For linux you have valgrind which is a suite of many things, and I think memcheck is what you use for memory corruption like this, and for msvc these errors will be handled usually by just turning on the debug profile.
Of course in reality this is why people like using std::vector and never using it's [] operator instead using the .at() function since an exception is better than nothing.
> also lets say I wanted to create some c style strings on the stack instead of
> the free store like the above examples,( read data into c style strings on the
> stack and not on the heap like in my example)
>
> I tried by creating an empty string
> char* one = " ";
>
> I guess this won't work because we are essentially writing past our string
> buffer in all three cases. what would be the way around this? since char is a
> primitive there is no resize function like std::string owns.

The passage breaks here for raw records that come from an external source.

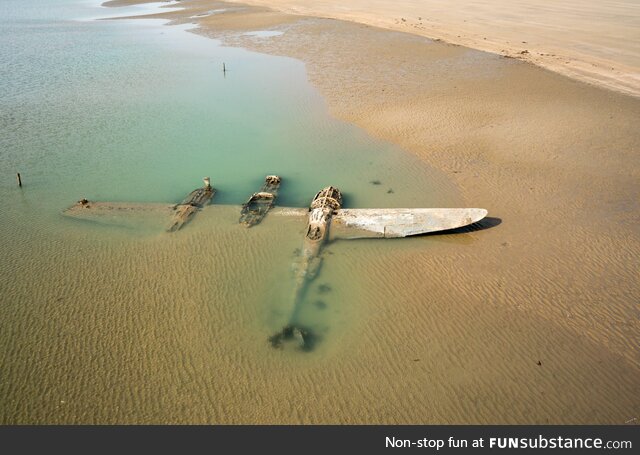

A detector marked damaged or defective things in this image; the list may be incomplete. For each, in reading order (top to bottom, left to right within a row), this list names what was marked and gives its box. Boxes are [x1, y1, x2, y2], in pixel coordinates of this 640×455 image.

corroded metal [239, 175, 282, 227]
crashed p-38 fighter plane [63, 176, 484, 350]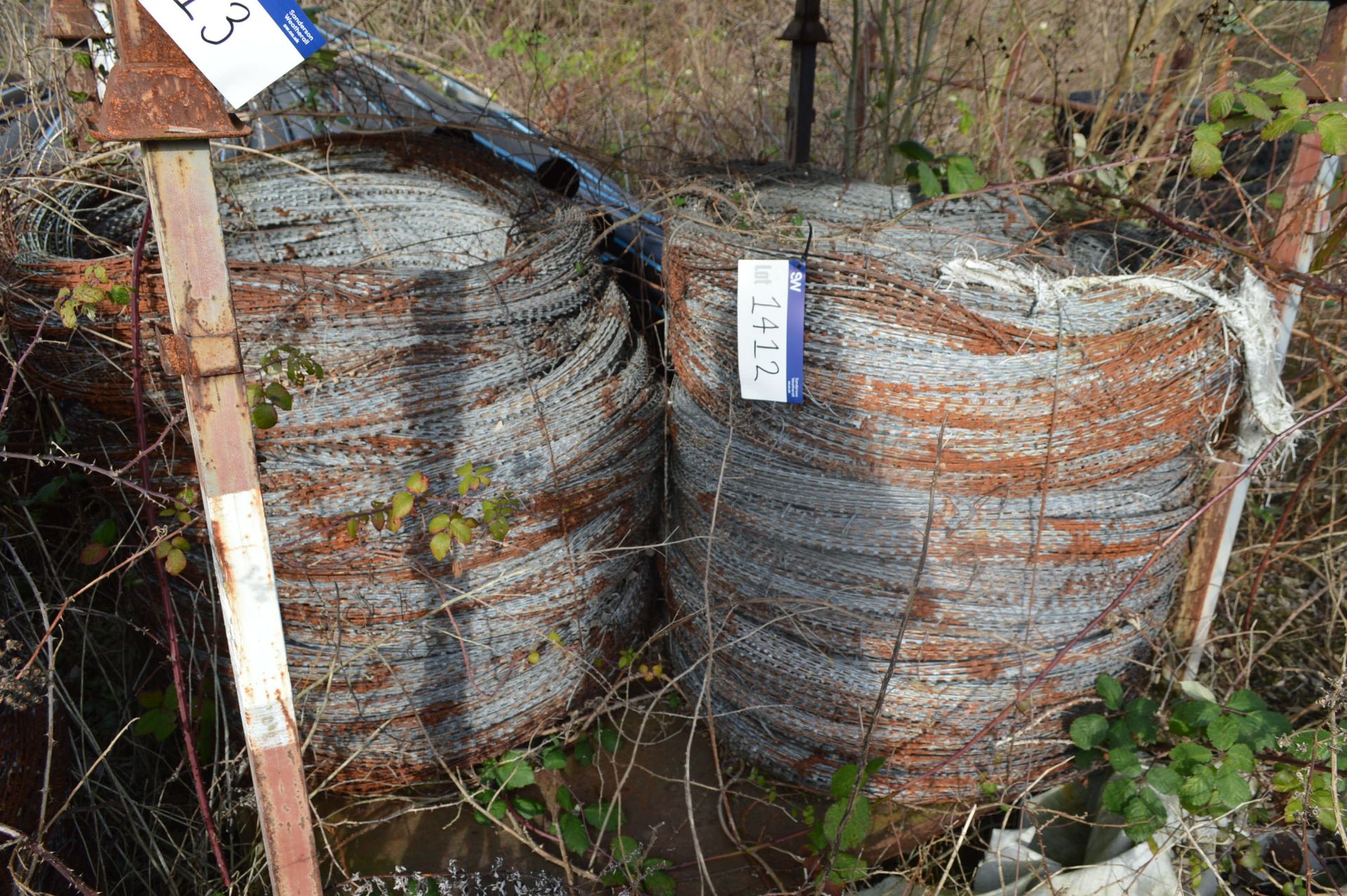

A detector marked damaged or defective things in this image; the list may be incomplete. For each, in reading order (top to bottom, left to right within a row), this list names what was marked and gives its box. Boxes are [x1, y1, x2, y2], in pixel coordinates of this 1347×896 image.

rusty metal post [42, 0, 107, 149]
rusty metal post [94, 1, 320, 889]
red rusted pole [94, 3, 323, 889]
rust stain on wire [6, 133, 662, 792]
rusty metal post [781, 0, 829, 166]
rust stain on wire [662, 166, 1239, 797]
rusty metal post [1179, 0, 1347, 674]
red rusted pole [1179, 0, 1347, 674]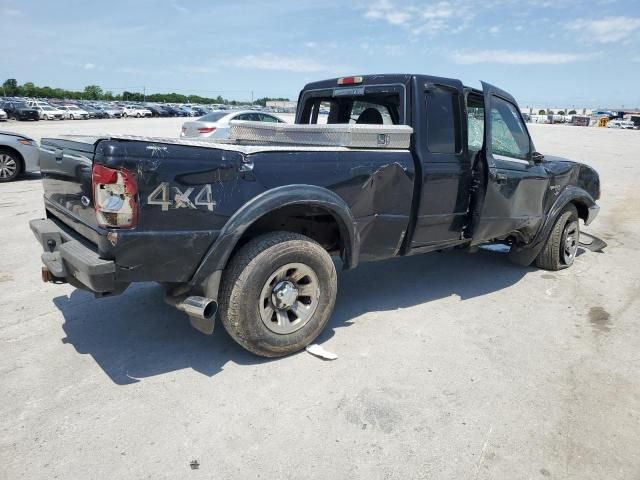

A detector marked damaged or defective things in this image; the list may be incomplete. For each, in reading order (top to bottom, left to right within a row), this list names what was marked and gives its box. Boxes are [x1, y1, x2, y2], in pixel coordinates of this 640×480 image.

damaged pickup truck [28, 74, 600, 356]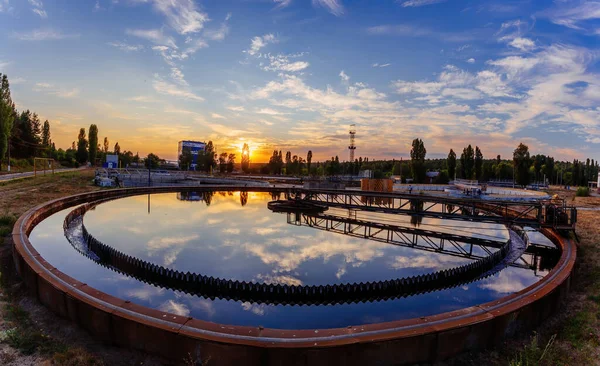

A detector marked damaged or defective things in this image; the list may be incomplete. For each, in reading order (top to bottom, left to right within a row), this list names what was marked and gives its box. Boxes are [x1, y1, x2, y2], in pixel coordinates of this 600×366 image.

rusty metal tank wall [10, 187, 576, 364]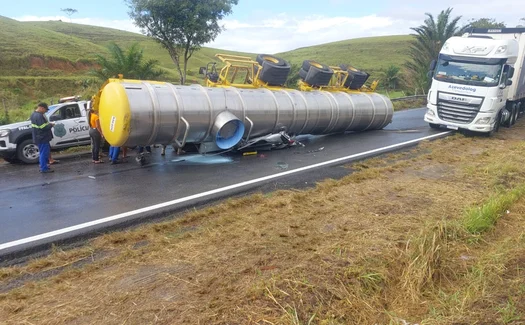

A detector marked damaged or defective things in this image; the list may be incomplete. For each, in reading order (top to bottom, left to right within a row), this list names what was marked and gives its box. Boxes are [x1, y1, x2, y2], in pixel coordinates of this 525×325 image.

overturned tanker truck [91, 53, 392, 154]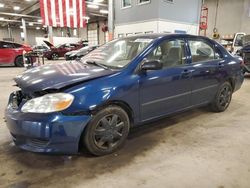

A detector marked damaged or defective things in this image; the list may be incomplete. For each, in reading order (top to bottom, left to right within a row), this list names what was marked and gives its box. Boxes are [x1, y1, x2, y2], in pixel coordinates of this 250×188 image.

crumpled front bumper [4, 97, 91, 153]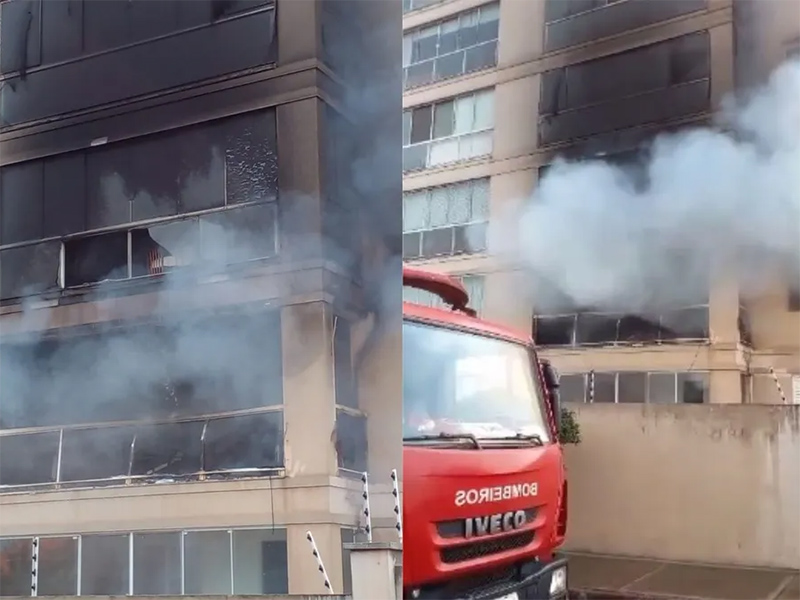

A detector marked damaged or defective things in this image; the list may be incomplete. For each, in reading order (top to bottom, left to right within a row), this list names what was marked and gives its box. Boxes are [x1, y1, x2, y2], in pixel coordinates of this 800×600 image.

broken window [0, 241, 61, 300]
broken window [63, 232, 129, 288]
broken window [130, 219, 202, 278]
broken window [199, 204, 278, 264]
broken window [536, 314, 572, 346]
broken window [576, 312, 620, 344]
broken window [616, 314, 660, 342]
broken window [660, 308, 708, 340]
broken window [556, 376, 588, 404]
broken window [592, 370, 616, 404]
broken window [616, 370, 648, 404]
broken window [648, 372, 680, 406]
broken window [680, 372, 708, 406]
broken window [0, 432, 59, 488]
broken window [60, 426, 136, 482]
broken window [129, 418, 202, 478]
broken window [203, 412, 284, 474]
broken window [334, 408, 368, 474]
broken window [0, 540, 32, 596]
broken window [38, 536, 78, 596]
broken window [80, 536, 129, 596]
broken window [132, 536, 180, 596]
broken window [187, 528, 234, 596]
broken window [231, 528, 288, 596]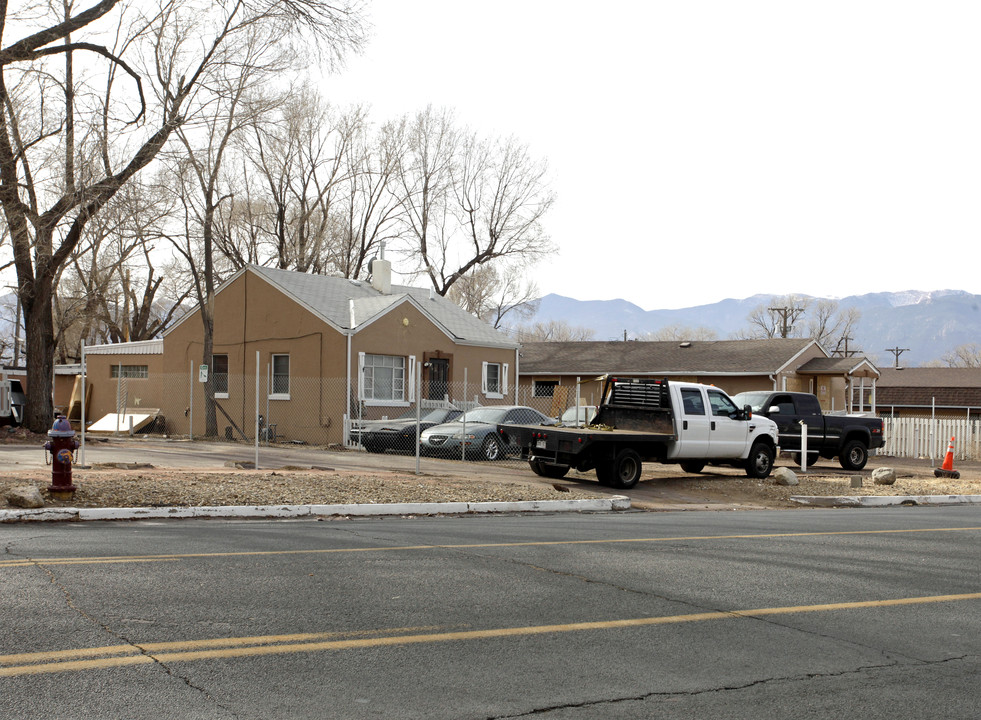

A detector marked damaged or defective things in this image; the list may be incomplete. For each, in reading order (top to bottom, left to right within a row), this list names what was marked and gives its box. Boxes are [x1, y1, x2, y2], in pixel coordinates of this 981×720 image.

crack in asphalt [11, 548, 243, 716]
crack in asphalt [486, 656, 976, 716]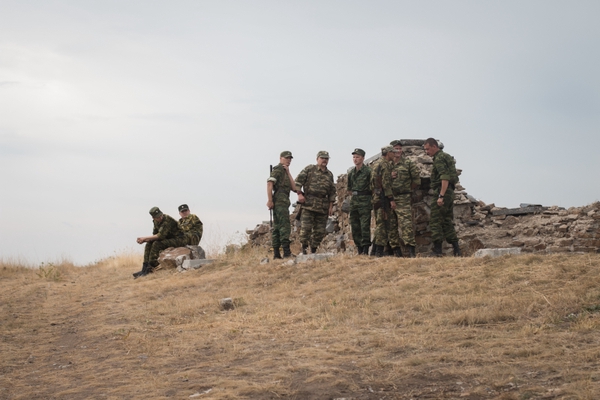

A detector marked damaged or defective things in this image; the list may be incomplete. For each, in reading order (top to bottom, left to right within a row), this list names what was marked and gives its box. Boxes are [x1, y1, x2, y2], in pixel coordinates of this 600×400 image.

broken concrete structure [246, 139, 596, 255]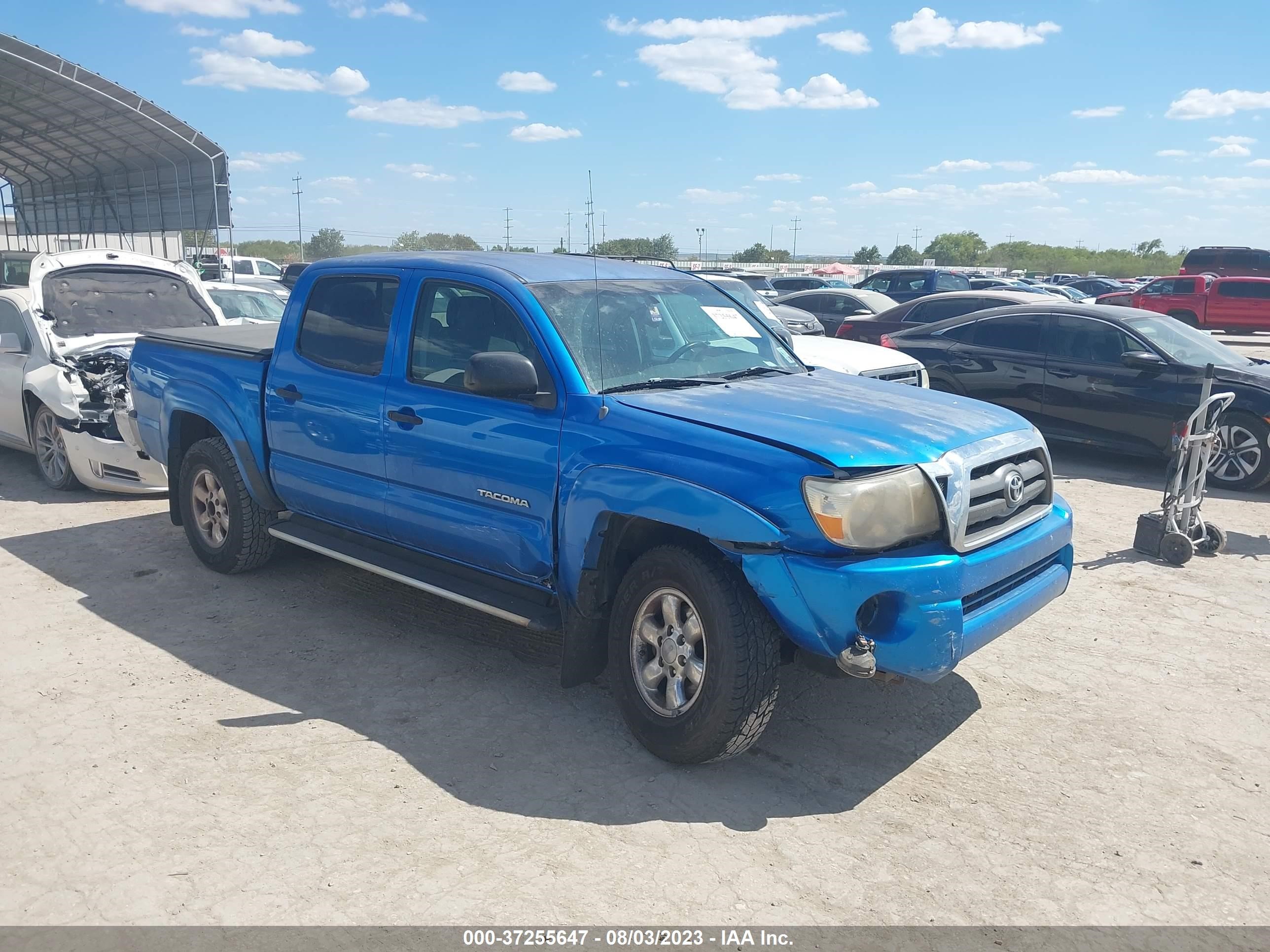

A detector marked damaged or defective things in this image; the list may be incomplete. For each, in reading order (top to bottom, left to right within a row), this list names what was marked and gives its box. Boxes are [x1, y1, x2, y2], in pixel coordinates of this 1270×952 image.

damaged front bumper [737, 495, 1072, 680]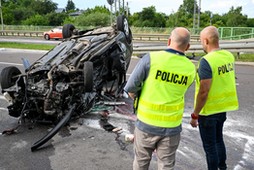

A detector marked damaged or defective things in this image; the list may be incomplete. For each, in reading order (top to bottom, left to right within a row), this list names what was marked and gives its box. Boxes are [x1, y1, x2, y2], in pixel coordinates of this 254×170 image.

overturned vehicle [0, 15, 133, 151]
burned car wreck [0, 15, 134, 151]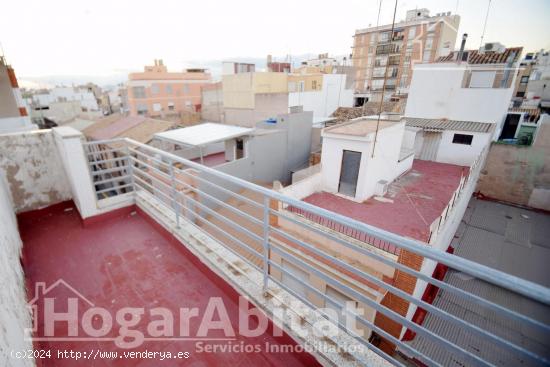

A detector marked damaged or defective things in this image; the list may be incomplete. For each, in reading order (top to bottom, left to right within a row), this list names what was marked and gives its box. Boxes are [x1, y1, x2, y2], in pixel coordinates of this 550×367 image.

peeling paint wall [0, 132, 73, 213]
peeling paint wall [478, 116, 550, 211]
peeling paint wall [0, 175, 34, 367]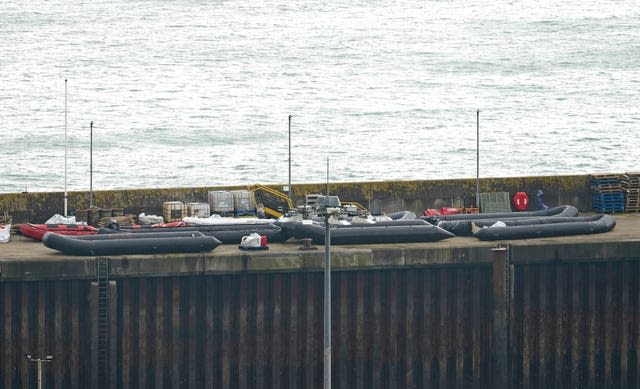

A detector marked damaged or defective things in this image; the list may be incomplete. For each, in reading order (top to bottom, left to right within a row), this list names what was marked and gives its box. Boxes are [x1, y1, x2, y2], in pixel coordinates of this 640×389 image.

rusty metal wall [0, 266, 492, 388]
rusty metal wall [510, 260, 640, 388]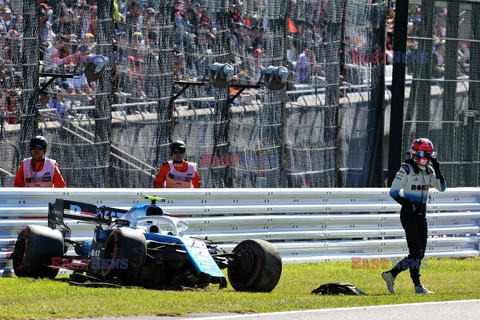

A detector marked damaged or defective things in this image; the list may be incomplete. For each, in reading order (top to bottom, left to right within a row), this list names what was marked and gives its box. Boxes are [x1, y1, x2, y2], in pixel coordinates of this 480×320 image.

as I said earlier «you can't modify a string literal, so you shouldn't be able to point a non-const pointer to it»
you compiler should have complained about char* one = " "; and perhaps even suggest constchar* one = " ";
the problem is that that memory is not writable
you may simply reserve enough writable memory with char one[42];
of course, if `oneSize' ends up being bigger than 42, then you will write out of bounds.